Recipe: Dairy-Free Everything Bagel Crescent Rolls
Sometimes I make dairy-free recipes that are so easy, I think – should I even share this? It’s so easy that obviously if someone wanted to do this, they could figure it out. But these everything bagel vegan cream cheese-stuffed crescent rolls are so good that I had to make sure more people knew about them.
If you’ve read this blog for a while, you know I am 100% about making quick and easy things to share at parties, that look impressive but are in fact stupidly simple to make. That’s the category where these everything bagel vegan cream cheese-stuffed crescent rolls belong. With just a few ingredients and a brief amount of time in the oven, you’ll have delicious, cream-cheese-filled crescent rolls that nobody at your party will be able to tell are dairy-free.
- Crescent rolls (Immaculate Baking is a great choice, or Pillsbury if you can’t find them – most versions of crescent rolls I’ve found in stores are dairy-free)
- Everything But the Bagel seasoning from Trader Joe’s
- Vegan cream cheese (I recommend Better Than Cream Cheese by Tofutti)
- Cooking spray and/or melted Earth Balance
Preheat the oven based on the directions of the crescent roll tubes (usually 350-375 degrees). Unroll the crescent rolls and fill them with small dollops of cream cheese, about 1 tbsp. Roll up and pinch the ends.
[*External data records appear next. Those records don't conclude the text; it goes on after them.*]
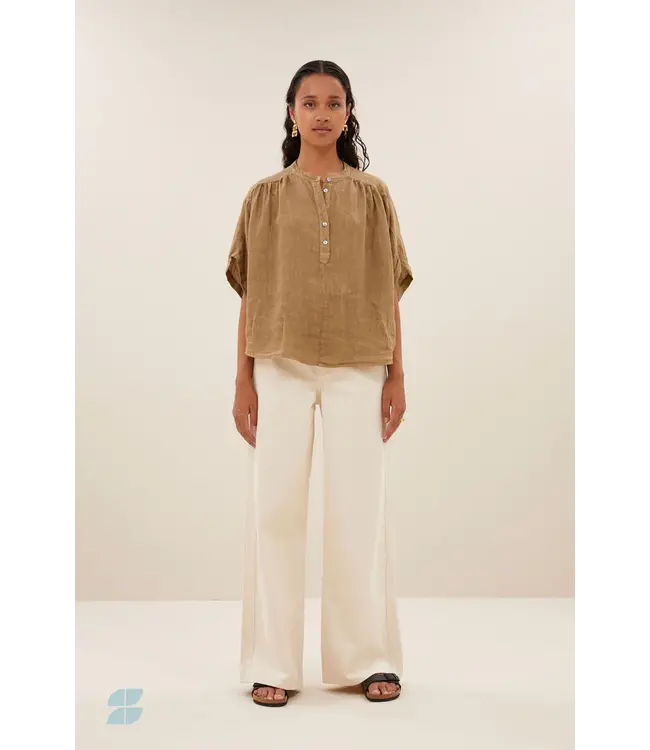 by-bar Axel Linen Blouse - Khaki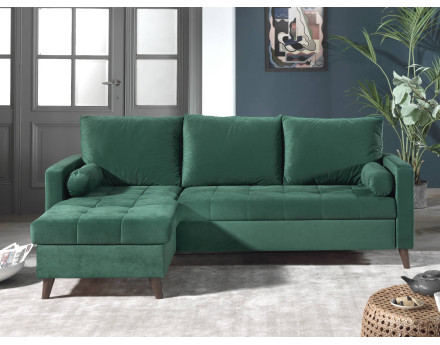 Polar - canapé d’angle réversible convertible en velours au design scandinave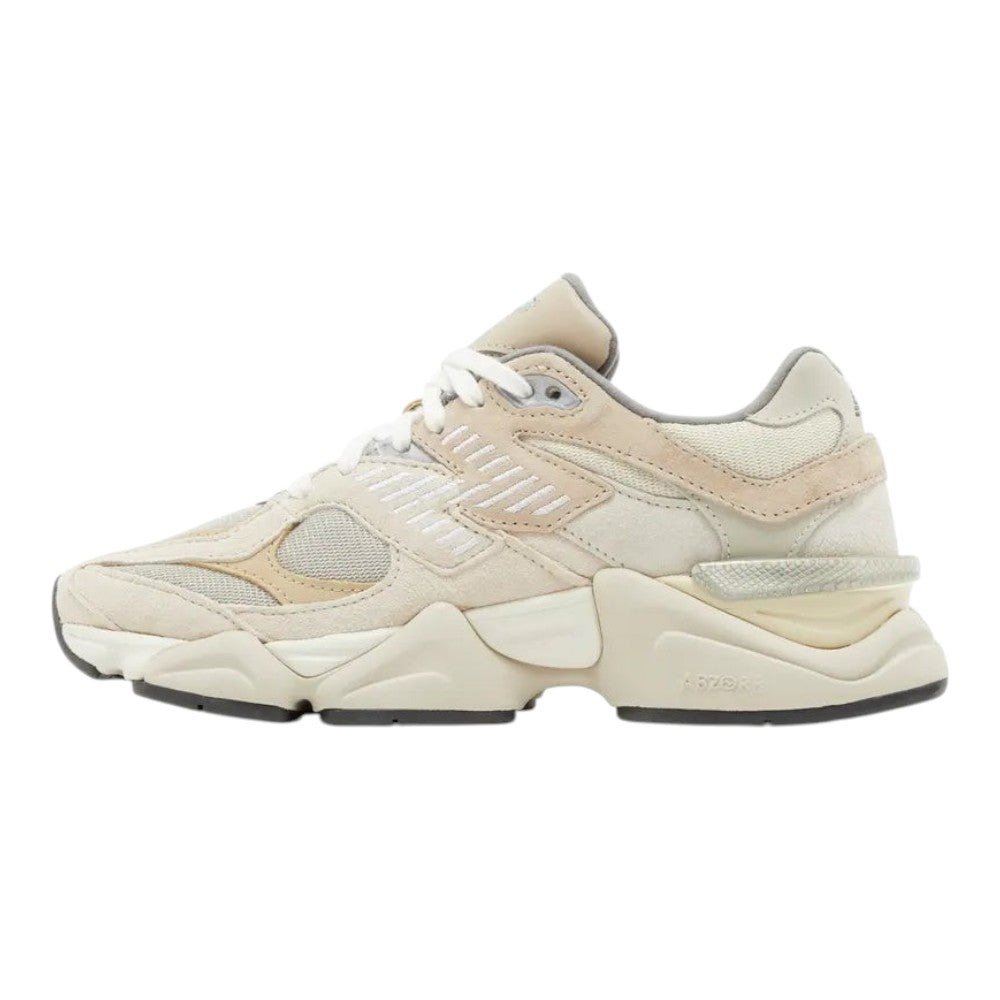 Luxurykicks.store New Balance 9060 Sea Salt Surf sneaker in cream suede and mesh with chunky performance midsole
Spray some cooking spray or melted vegan butter on the top of the rolls and top with Everything But the Bagel seasoning. (Honestly, quite a bit of the seasoning sticks without that, as well, so you could just top with the seasoning and pat in a little bit.) Bake according to crescent roll instructions, probably between 10-14 minutes, until golden brown. Let cool before eating so they don’t burn your mouth! These are great to eat either warm or room temperature.